# Text Summarization using text rank algorithm

# Importing the libraries

In [9]:
import numpy as np
import pandas as pd
import nltk
from nltk.tokenize import sent_tokenize
nltk.download('punkt') # one time execution
import re

[nltk_data] Downloading package punkt to /root/nltk_data...
[nltk_data]   Unzipping tokenizers/punkt.zip.


# Uploading Data

In [10]:
# Upload the CSV file
from google.colab import files
uploaded = files.upload()

Saving skripsi_pendahuluan.csv to skripsi_pendahuluan.csv


In [11]:
with open('skripsi_pendahuluan.csv') as f:
    print(f)

<_io.TextIOWrapper name='skripsi_pendahuluan.csv' mode='r' encoding='UTF-8'>


In [12]:
import io
df = pd.read_csv('skripsi_pendahuluan.csv', index_col=0, sep=';', encoding='latin-1')


In [13]:
df.head()

Unnamed: 0_level_0,skripsi_judul,skripsi_isi,skripsi_link
skripsi_id,Unnamed: 1_level_1,Unnamed: 2_level_1,Unnamed: 3_level_1
1,SISTEM BERBASIS PENGETAHUAN UNTUK MENGIDENTIFI...,Burung kenari (Serinus Canaria) adalah salah s...,https://eprints.utdi.ac.id/7326/
2,\t\nPEMROGRAMAN APLIKASI MOBILE BERBASIS ANDR...,Office of International Affairs (OIA) atau Kan...,https://eprints.utdi.ac.id/7287/
3,APLIKASI PENGENALAN HAMA DAN PENYAKIT PADA TAN...,Pertanian merupakan kegiatan pemanfaatan sumbe...,https://eprints.utdi.ac.id/7301/
4,PEMETAAN LAHAN PERTANIAN TANAMAN ORGANIK DI WI...,Struktur tanah daerah pegunungan di kecamatan ...,https://eprints.utdi.ac.id/7242/
5,Tehnologi Platfrom Virtualisasi Untuk Aplikasi...,Pada jaman sekarang kebutuhan internet merupak...,https://eprints.utdi.ac.id/7274/


# Preprocessing the Data

In [14]:
# split the the text in the articles into sentences
sentences = []
for s in df['skripsi_isi']:
  sentences.append(sent_tokenize(s))  

In [15]:
# flatten the list
sentences = [y for x in sentences for y in x]
# for x in sentences:
#   for y in x:
#     sentences.append(y)

In [16]:
# remove punctuations, numbers and special characters
clean_sentences = pd.Series(sentences).str.replace("[^a-zA-Z]", " ")

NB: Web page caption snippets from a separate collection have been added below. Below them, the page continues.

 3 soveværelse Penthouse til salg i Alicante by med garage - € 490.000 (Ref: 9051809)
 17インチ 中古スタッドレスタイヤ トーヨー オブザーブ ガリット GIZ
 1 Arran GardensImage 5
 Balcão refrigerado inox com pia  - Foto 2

# make alphabets lowercase
clean_sentences = [s.lower() for s in clean_sentences]

  clean_sentences = pd.Series(sentences).str.replace("[^a-zA-Z]", " ")


In [17]:
nltk.download('stopwords')# one time execution

[nltk_data] Downloading package stopwords to /root/nltk_data...
[nltk_data]   Unzipping corpora/stopwords.zip.


True

In [18]:
from nltk.corpus import stopwords
stop_words = stopwords.words('indonesian')

In [19]:
# function to remove stopwords
def remove_stopwords(sen):
  sen_new = " ".join([i for i in sen if i not in stop_words])
  return sen_new

# for i in sen:
#   if i not in stop_words:
#     sen_new += i

In [20]:
# remove stopwords from the sentences
clean_sentences = [remove_stopwords(r.split()) for r in clean_sentences]

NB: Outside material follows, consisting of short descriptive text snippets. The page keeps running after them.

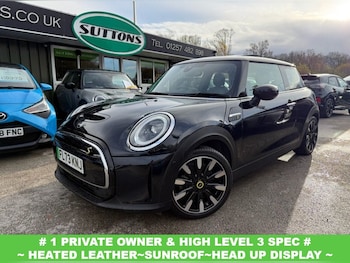 Used MINI Hatch 2023 for sale - 76706363: Photo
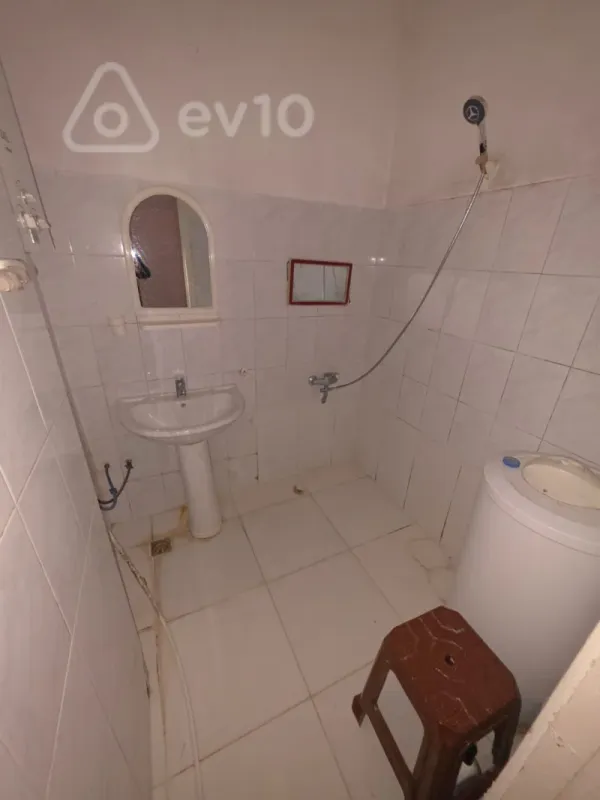 Satılır 2 otaqlı köhnə tikili 55 m²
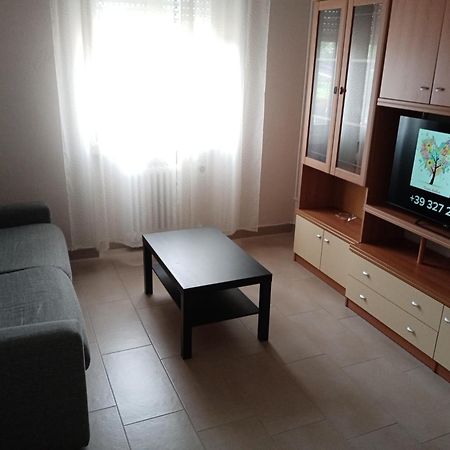 "Casa Sofia" Appartamento Raffalda Zona Clinica Piacenza Dış mekan fotoğraf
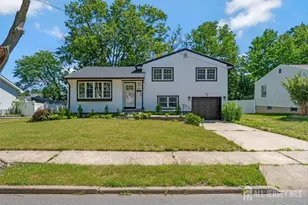 33 Larchmont Rd, Edison, NJ 08837 - Photo 2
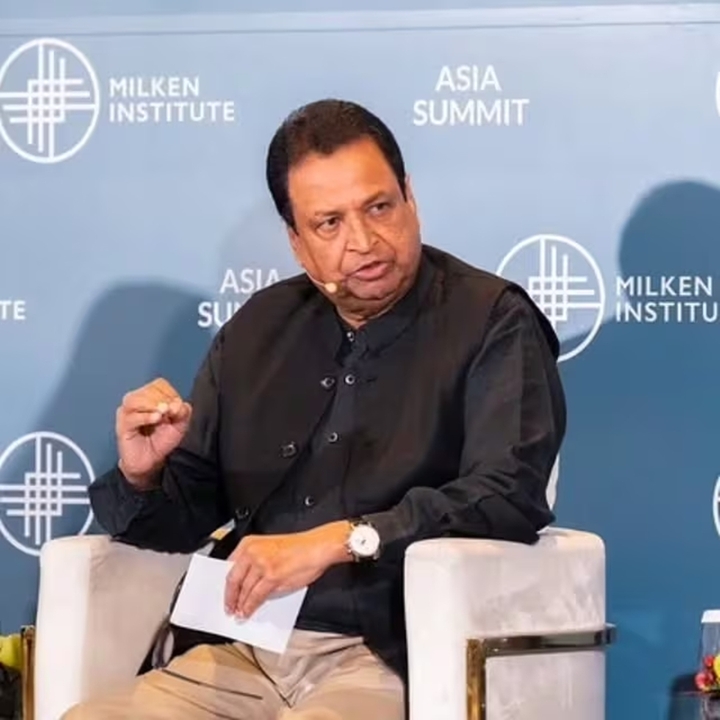 Theo Forbes, tài sản của Binod Chaudhary hiện là 2 tỷ USD. Mặc dù con số này khá khiêm tốn so với Elon Musk (471,1 tỷ USD) hay Mukesh Ambani (104,5 tỷ USD) nhưng đây vẫn là một thành tựu đáng kể đối với một quốc gia nhỏ bé như Nepal. (Ảnh: Instagram)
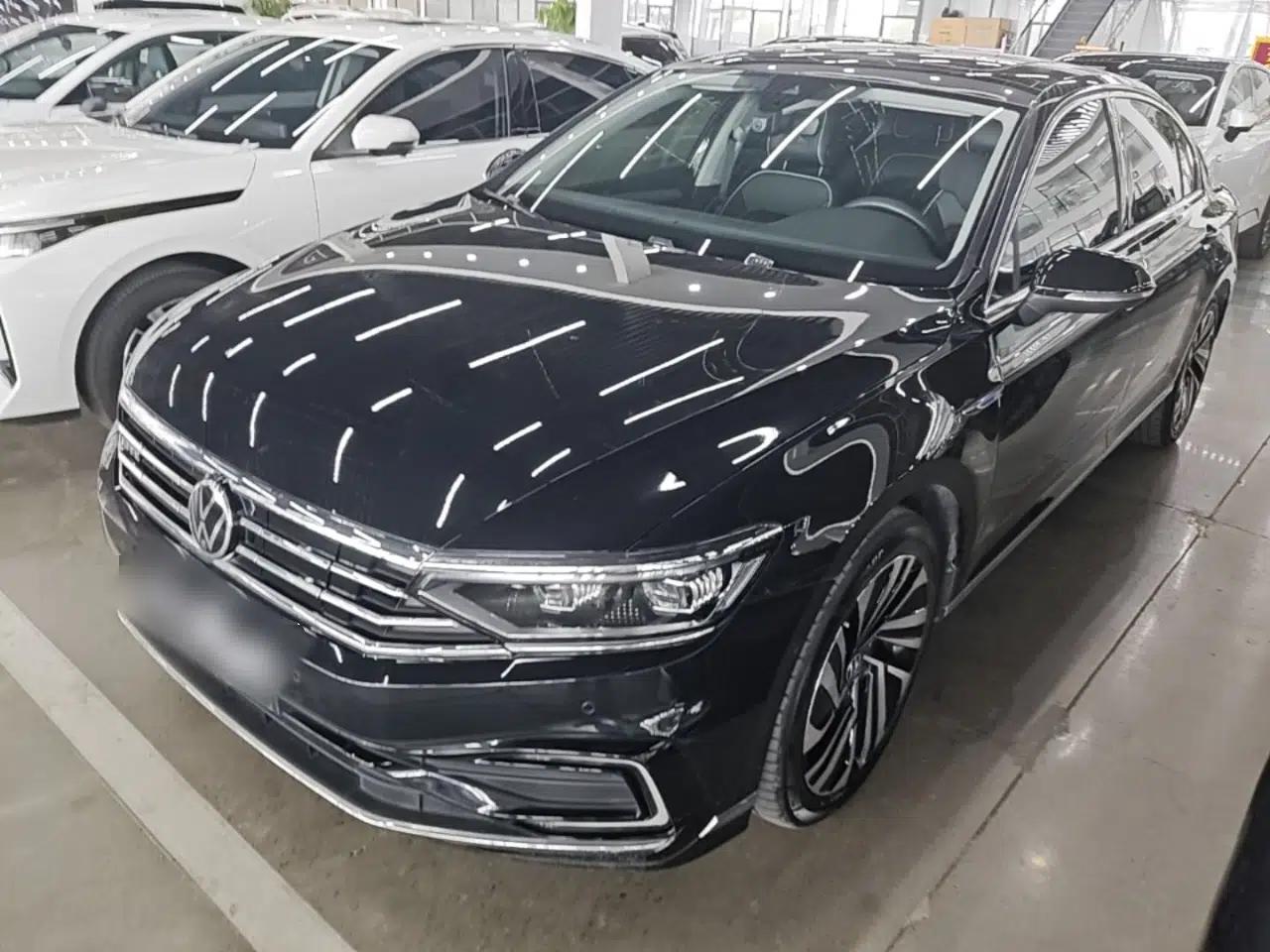 Volkswagen Magotan GTE Plug-in Hybrid 2022 GTE Prestige Model — миниатюра 1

# Downloading the word embeddings

In [21]:
# download pretrained GloVe word embeddings
! wget http://nlp.stanford.edu/data/glove.6B.zip

--2023-01-13 13:08:44--  http://nlp.stanford.edu/data/glove.6B.zip
Resolving nlp.stanford.edu (nlp.stanford.edu)... 171.64.67.140
Connecting to nlp.stanford.edu (nlp.stanford.edu)|171.64.67.140|:80... connected.
HTTP request sent, awaiting response... 302 Found
Location: https://nlp.stanford.edu/data/glove.6B.zip [following]
--2023-01-13 13:08:44--  https://nlp.stanford.edu/data/glove.6B.zip
Connecting to nlp.stanford.edu (nlp.stanford.edu)|171.64.67.140|:443... connected.
HTTP request sent, awaiting response... 301 Moved Permanently
Location: https://downloads.cs.stanford.edu/nlp/data/glove.6B.zip [following]
--2023-01-13 13:08:45--  https://downloads.cs.stanford.edu/nlp/data/glove.6B.zip
Resolving downloads.cs.stanford.edu (downloads.cs.stanford.edu)... 171.64.64.22
Connecting to downloads.cs.stanford.edu (downloads.cs.stanford.edu)|171.64.64.22|:443... connected.
HTTP request sent, awaiting response... 200 OK
Length: 862182613 (822M) [application/zip]
Saving to: ‘glove.6B.zip’


202

In [22]:
! unzip glove*.zip

Archive:  glove.6B.zip
  inflating: glove.6B.50d.txt        
  inflating: glove.6B.100d.txt       
  inflating: glove.6B.200d.txt       
  inflating: glove.6B.300d.txt       


# Extracting word vectors

In [23]:
# Extract word vectors
word_embeddings = {} # example {fox:.822455, .....}
f = open('glove.6B.100d.txt', encoding='utf-8')
for line in f:
    values = line.split()
    word = values[0]
    coefs = np.asarray(values[1:], dtype='float32')
    word_embeddings[word] = coefs
f.close()

# Formation of sentence vectors

In [24]:
sentence_vectors = []
for i in clean_sentences:
  if len(i) != 0:
    v = sum([word_embeddings.get(w, np.zeros((100,))) for w in i.split()])/(len(i.split())+0.001)
  else:
    v = np.zeros((100,))
  sentence_vectors.append(v)

In [25]:
len(sentence_vectors)

114

# Finding similarities by using cosine similarity
The next step is to find similarities among the sentences. We will use cosine similarity to find similarity between a pair of sentences. Let's create an empty similarity matrix for this task and populate it with cosine similarities of the sentences.

In [26]:
# similarity matrix
sim_mat = np.zeros([len(sentences), len(sentences)])

In [27]:
from sklearn.metrics.pairwise import cosine_similarity

In [28]:
for i in range(len(sentences)):
  for j in range(len(sentences)):
    if i != j:
      sim_mat[i][j] = cosine_similarity(sentence_vectors[i].reshape(1,100), sentence_vectors[j].reshape(1,100))[0,0]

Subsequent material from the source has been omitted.